• What the exercise asks: For the listing below, the answer is an exact retyping of the lines from the one with "FLOWER FAIRY,ROSA IRIS" through the one with "Twisted Velvet Witch", both included, without pictures.

• Information given:
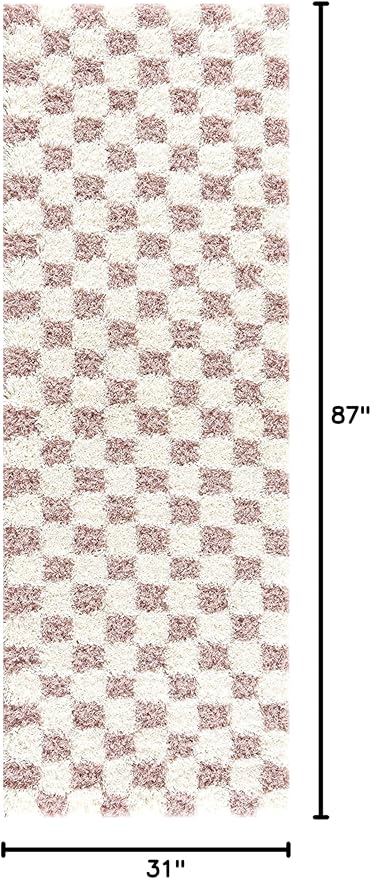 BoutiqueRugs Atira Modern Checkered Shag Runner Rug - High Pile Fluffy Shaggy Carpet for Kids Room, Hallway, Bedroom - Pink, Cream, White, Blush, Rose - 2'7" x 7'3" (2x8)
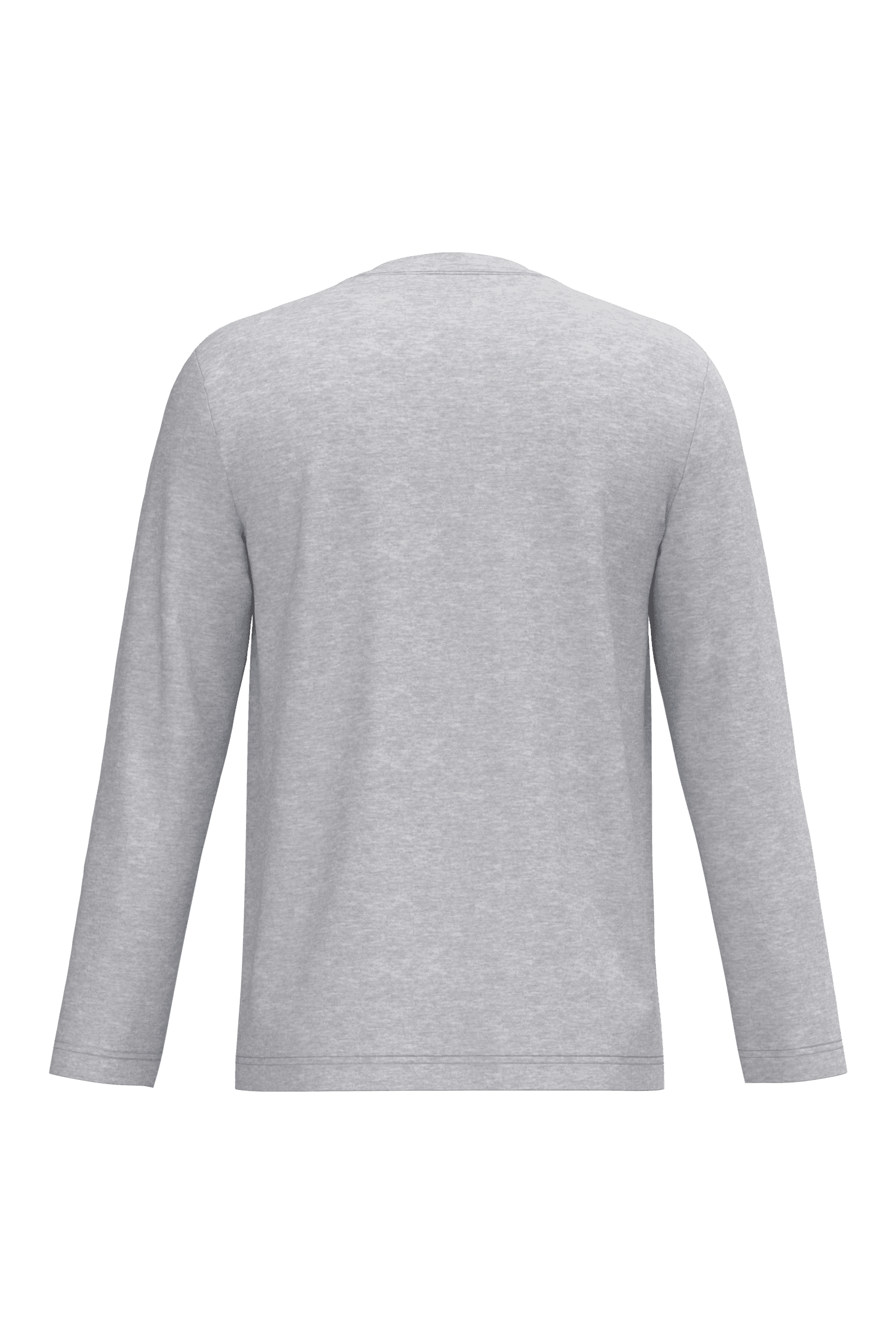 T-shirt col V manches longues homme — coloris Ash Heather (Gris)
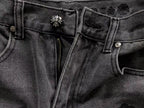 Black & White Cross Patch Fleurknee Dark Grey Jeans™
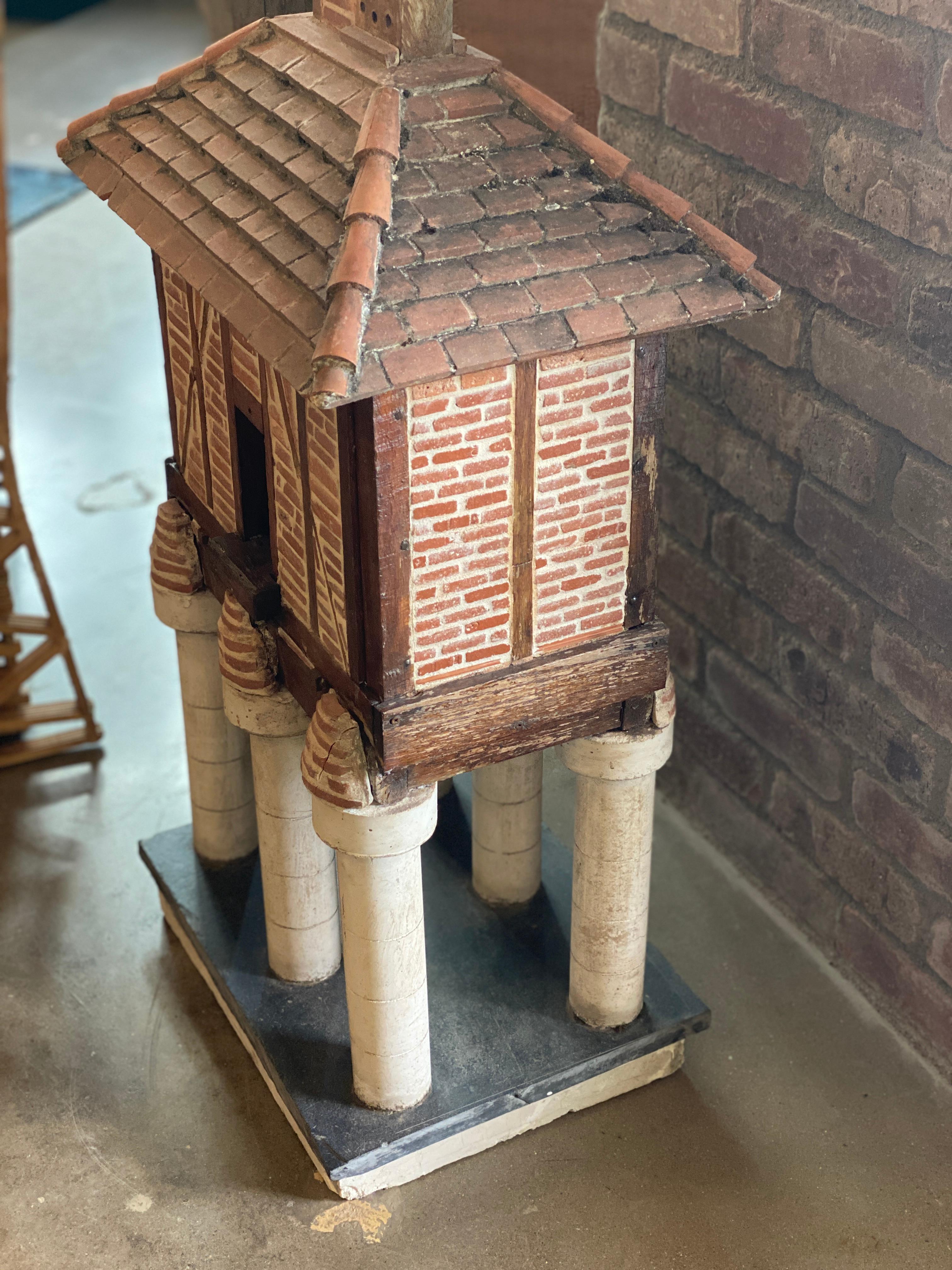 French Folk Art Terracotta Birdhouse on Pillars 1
--
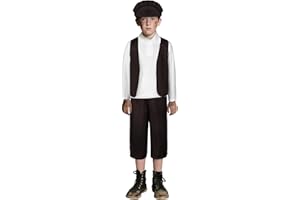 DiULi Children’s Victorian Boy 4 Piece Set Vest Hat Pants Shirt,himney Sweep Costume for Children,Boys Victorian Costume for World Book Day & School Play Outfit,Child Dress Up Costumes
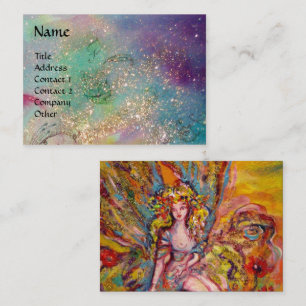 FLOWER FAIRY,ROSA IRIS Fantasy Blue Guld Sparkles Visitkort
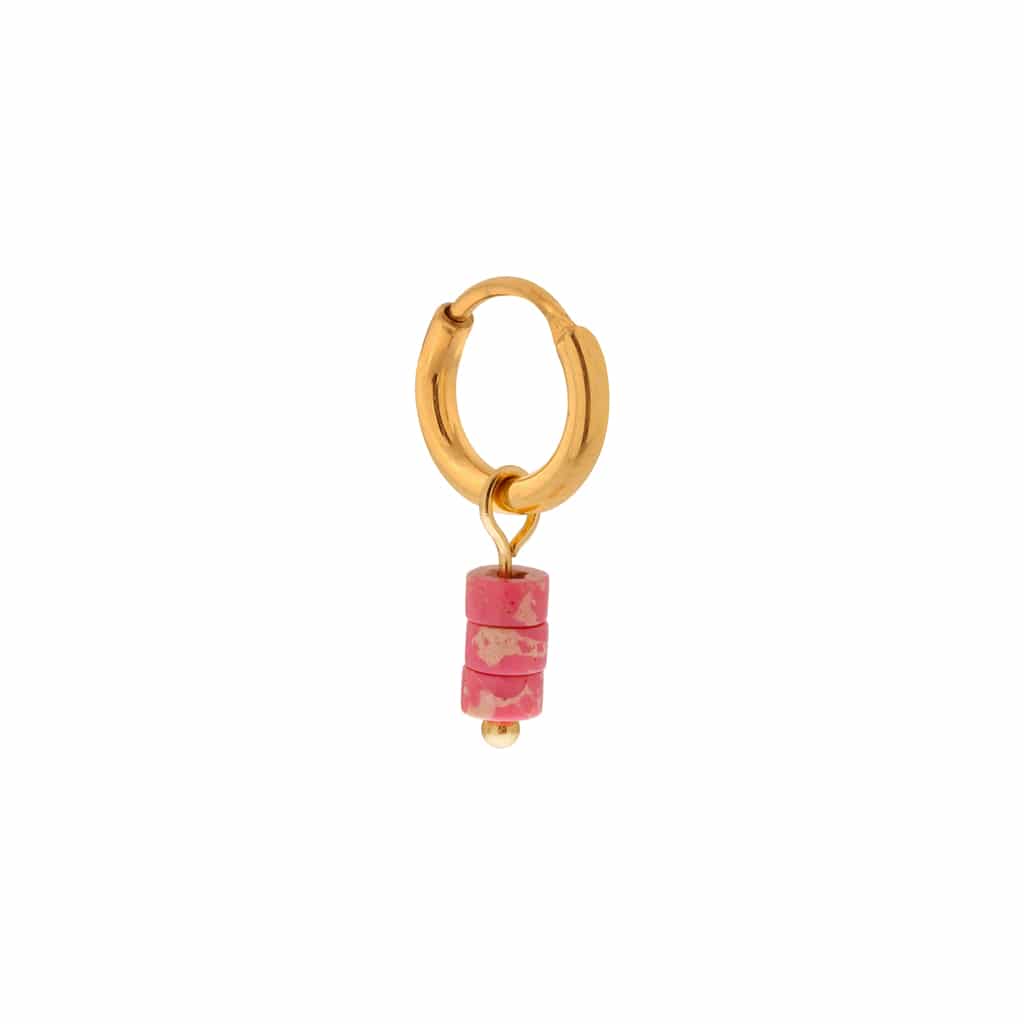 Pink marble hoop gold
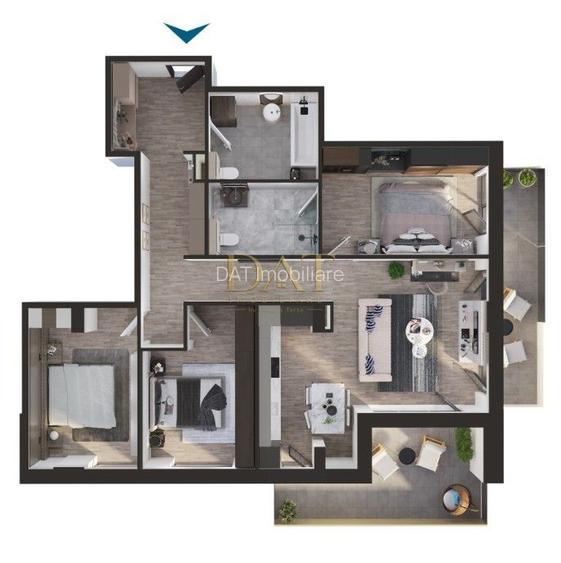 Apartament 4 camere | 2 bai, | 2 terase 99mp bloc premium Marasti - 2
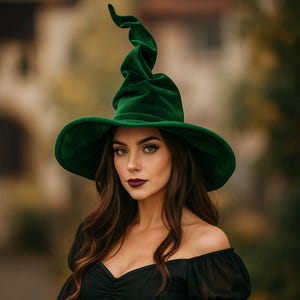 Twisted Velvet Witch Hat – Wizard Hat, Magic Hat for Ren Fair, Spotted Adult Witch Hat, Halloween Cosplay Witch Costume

• Task response:
 FLOWER FAIRY,ROSA IRIS Fantasy Blue Guld Sparkles Visitkort
 Pink marble hoop gold
 Apartament 4 camere | 2 bai, | 2 terase 99mp bloc premium Marasti - 2
 Twisted Velvet Witch Hat – Wizard Hat, Magic Hat for Ren Fair, Spotted Adult Witch Hat, Halloween Cosplay Witch Costume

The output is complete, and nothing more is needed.